Uwe Schulze ist als Servicebereichsleiter bei der Berufsfeuerwehr unter anderem zuständig für den vorbeugenden Brandschutz und spricht von einer guten Zusammenarbeit mit den Cottbuser Wohnungsunternehmen. Trotzdem wartet er seit Jahren dringend auf eine Rauchmelderpflicht. "So ein Rauchmelder schützt die Bewohner. Legt er los, steht nicht die Feuerwehr vor der Tür, sondern er sagt uns, dass der vergessene Milchtopf auf dem Herd überkocht. Wir können noch eingreifen oder uns - wenn es schon schlimmer ist - in Sicherheit bringen." Und die Feuerwehr rufen.

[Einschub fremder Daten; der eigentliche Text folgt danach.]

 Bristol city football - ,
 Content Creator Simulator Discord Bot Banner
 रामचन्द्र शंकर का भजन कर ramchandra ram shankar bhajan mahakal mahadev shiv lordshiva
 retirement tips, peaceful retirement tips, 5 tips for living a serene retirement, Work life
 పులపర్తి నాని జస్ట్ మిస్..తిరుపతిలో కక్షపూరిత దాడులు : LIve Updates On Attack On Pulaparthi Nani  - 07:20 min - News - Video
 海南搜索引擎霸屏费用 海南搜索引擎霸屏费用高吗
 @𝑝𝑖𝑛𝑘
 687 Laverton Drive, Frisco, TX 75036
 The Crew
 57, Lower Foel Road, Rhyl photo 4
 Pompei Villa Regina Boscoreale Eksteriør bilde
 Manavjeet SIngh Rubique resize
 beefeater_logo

Regelungen wie die Rauchmelderpflicht stehen in Brandenburg in der Bauordnung. Anfang 2014 hatte die alte Landesregierung die Hoffnung geweckt, bis zum Ende der Legislaturperiode - Landtagswahl war im September 2014, die Rauchmelderpflicht zu erlassen. Doch daraus wurde nichts. Noch immer ist es nur ein Entwurf. Schafft er es zum geltenden Gesetz, dürfen sich die Sicherheitsbedürftigen freuen, sagt Uwe Schulze: "Brandenburg geht in seinem Entwurf sehr weit: Im Flur und in allen Aufenthaltsräumen - also alle Zimmer außer Küche und Bad - sollen Rauchmeldern installiert werden.

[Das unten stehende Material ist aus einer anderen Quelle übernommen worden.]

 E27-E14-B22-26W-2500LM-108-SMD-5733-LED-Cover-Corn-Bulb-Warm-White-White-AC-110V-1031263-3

Aber hilft das bei einem Kellerbrand der schlafenden Seniorin im vierten Stock? "Brennt es im Keller, betätigen wir Feuerwehrleute vor Ort als eine der ersten Handlungen die Rauchableitung. Über das Treppenhaus zieht der Rauch hinaus ins Freie", erklärt Schulze. Da Wohnungstüren nicht zu 100 Prozent dicht sind und Rauch nach oben steigt, dürfte der Rauchmelder an der Decke des Wohnungsflurs anspringen. Und ist der erste Rettungsweg über die Haustreppe versperrt, sollten sich Bewohner am Fenster bemerkbar machen.

Dass Brandschutz in Wohnhäusern unterschiedlich aussieht, liegt an ihren Baujahren und damals geltenden Bauordnungen. Holztreppen, wie sie Anfang des 20. Jahrhunderts gebaut wurden, finde man in Häusern aus den 1970er-Jahren nicht mehr. In öffentlichen Gebäuden wie Schulen, Kliniken, Pflegeheimen und in Hochhäusern mit mehr als 200 Bewohnern besteht bereits unter anderem die Pflicht, Brandmeldeanlagen zu installieren. Wird der Rauchmelder zur Pflicht, gilt das sofort für Neu- und Umbauten. Um in ihrem Bestand Rauchmelder nachzurüsten, sollen die Eigentümer Zeit bis 2020 bekommen. Bis dahin rät Schulze, selbst in Rauchmelder zu investieren: "Es gibt sie bereits für wenig Geld. Und das VdS-Prüfsiegel ist wichtig."